«Perduto in questo mondaccio, urtato dalle gomitate delle folle, sono come un uomo stanco il cui occhio vede indietro, negli anni profondi, soltanto disinganno e amarezza, e davanti a sé solo una bufera che non racchiude nulla di nuovo, né insegnamento, né dolore.»
Pervaso da questo stato d’animo, Baudelaire, nell’ultimo decennio della sua vita, annota pensieri, riflessioni, sfoghi su fogli sciolti, in inchiostro rosso, nero o blu, talora a matita. L’edizione francese del 1920 dei Diari intimi (Journaux intimes. Fusées. Mon cœur mis à nu), inserita nel 2010 in “Gallica”, la biblioteca informatica della Bibliotèque Nationale de France, ci fornisce preziose informazioni sulla trasformazione di queste note sparse in un’opera postuma. Alla morte di Baudelaire, Auguste Poulet-Malassis, suo editore ed amico (nel 1857 aveva stampato Les fleurs du mal attirando, assieme all’autore, gli strali della censura), eredita i manoscritti e, ordinandoli arbitrariamente, incolla i fogli volanti su quaderni di un formato più grande, che fa rilegare poi in marocchino. Crea così due raccolte: una contiene i 22 Fusées (Razzi), l’altra le 95 note di Mon cœur mis à nu (Il mio cuore messo a nudo), composte a partire dal 1862.
Il titolo scelto da Baudelaire per la prima raccolta, riportato su ogni pagina del manoscritto, rimanda alla rapidità dei fulminanti appunti e nel contempo al concetto di élévation («Fuggi ben lontano da questi ammorbanti miasmi; va a purificarti ne l’aria superiore, e bevi, come un puro e divino liquore, il chiaro fuoco che riempie i limpidi spazî.», aveva intimato il poeta al proprio spirito in “Elevazione”, terza lirica de I fiori del male); il titolo della seconda raccolta parrebbe invece ispirato dall’amato Edgar Allan Poe, che Baudelaire con le sue traduzioni aveva contribuito a far conoscere in Europa. In Marginalia (1844-1849), annotazioni sparse simili a quelle di Fusées, Poe aveva infatti scritto (XXIV):
«Se qualche ambizioso volesse rivoluzionare d’un tratto il mondo del pensiero, dell’opinione e del sentimento umano io gliene offro il mezzo.
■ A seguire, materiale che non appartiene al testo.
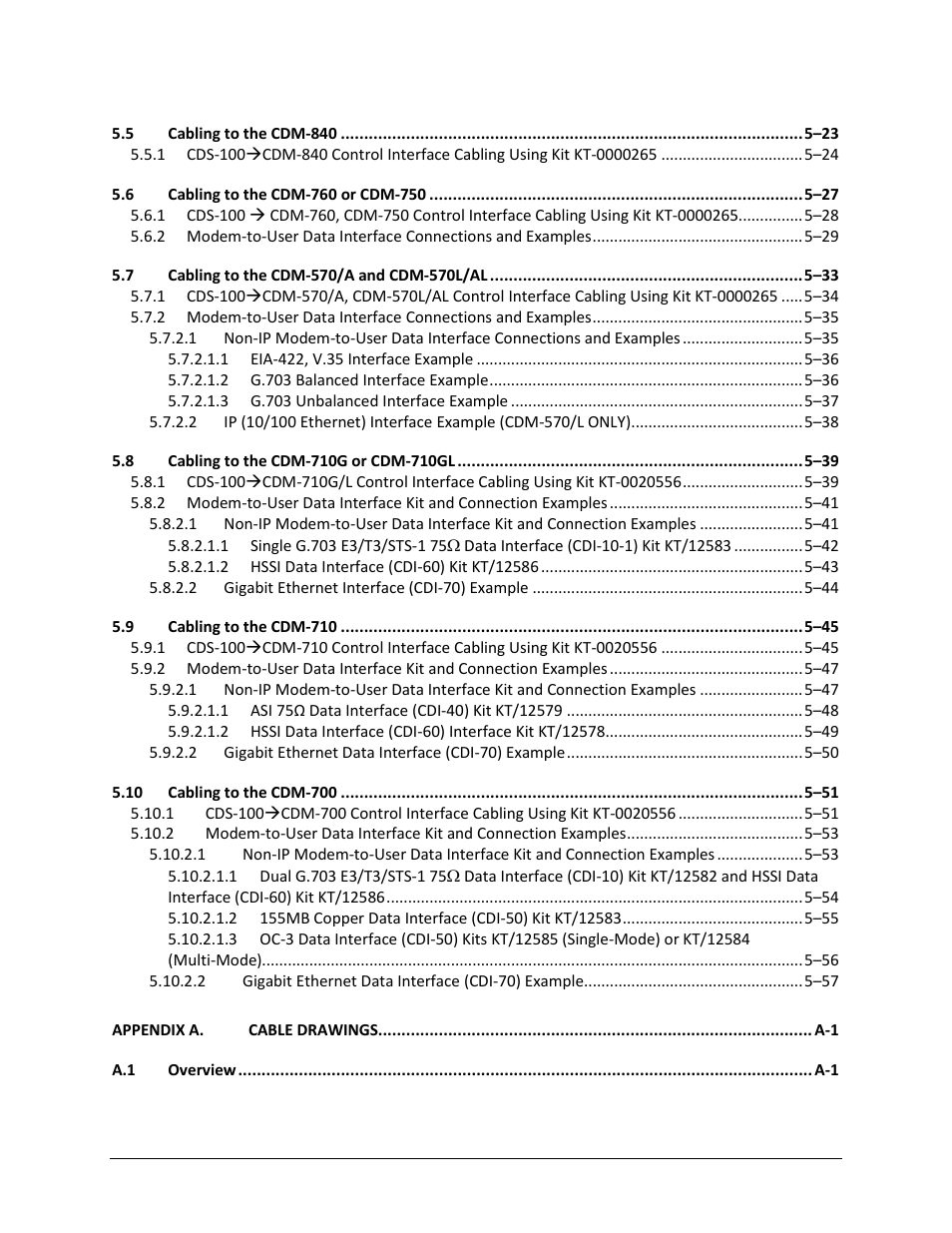 Comtech EF Data CDS-100 User Manual | Page 8 / 138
La via ad una gloria immortale è aperta dritta avanti a lui. Non ha che a scrivere ed a pubblicare un piccolissimo libro dal titolo semplice, qualche parola appena: «Il mio cuore messo a nudo». Ma il piccolo libro deve mantenere tutte le sue promesse.»
Poulet-Malassis conserva gelosamente fino alla morte (1878) le annotazioni di Baudelaire, senza mai pubblicarle. La prima menzione dei Diari intimi (titolo scelto non dall’autore, ma dagli editori)risale al 1884, quando sul supplemento al n° 57 della rivista “Livre” appare la notizia che i due manoscritti erano stati messi all’asta e aggiudicati per meno di 600 franchi nel luglio 1878. Eugène Crépet (1827-1892), critico letterario ed amico di Baudelaire, nel 1887 ne pubblica un’edizione non integrale nelle Œuvres posthumes. Seguono altre due ristampe, più complete, nel 1908, ed infine quella del 1920, i cui curatori hanno potuto utilizzare i manoscritti originali forniti dal bibliofilo che li aveva conservati fino a quel momento, M. Gabriel Thomas.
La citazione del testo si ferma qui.